I don't agree. I think that being a decent human being can be part of a humanist perspective, and that one can do so simply because they're a decent human beings. Rescuing a trapped animal or putting a band-aid on a sad kid that hurt themselves makes you feel good in an indefinable way because that's part of being a good human being. No other species has evolved to the level of intellect and self-awareness that they can help or heal others, even those not of their species, just for the sake of doing so. We're the only species that evolved beyond basic competition (at least most of the time) and that's what makes us special.

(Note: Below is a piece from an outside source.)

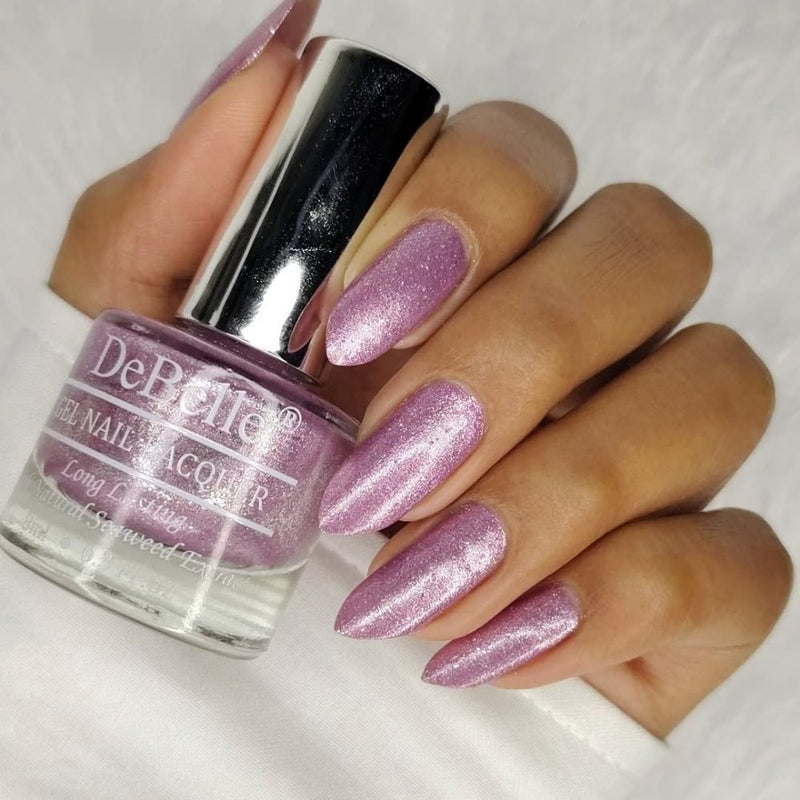 DeBelle Gel Nail Lacquer Adorable Amelia(Purple with Pink Glitter), 8ml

And we're the only species that can contemplate its own awareness.
As for why one does good things, I don't need arcane rituals that humans have come up with to explain why, or to enforce why. I just do it.
When I look at the modern holy books, I see the system that's in vogue now. I know that it hasn't existed very long, in fact, about two thousand years. Before that, there were other belief systems that persisted far longer. The Greco-Roman pantheon. The Egyptian pantheon. The Sumerian.
Like it or not, a harsh bit of reality is what is considered religion today, the dominant religions, Christianity, Judaism, Islam, Buddhism and Hinduism, in 3000 years, might be regarded as we regard the Egyptian pantheon. Times will change, ideas will change. There will be something completely new that people call religion, likely. The Egyptians, the Sumerians, the Greeks were devout to their religions, too. Amun and Isis were real to the Egyptians and were prayed to. The Norse peoples, likewise. Odin was real to them. Native Americans were, and some still are. Now they're regarded as mythology. Before what we call prehistory, there were many other religions, the details of which have been lost. Some Neanderthals put flowers and objects in the graves of their dead. What were their rituals that inspired them to do that? Viewed from that perspective, of the vastness of time and how many things have come before, it looks a bit different to me.
YMMV.
(And there's a vast gulf between nihilistic atheists, which are depressing and pretty pointless, and those who simply believe in the human potential to continually evolve, without bounds, using what we've done with philosophy and science thus far as evidence.)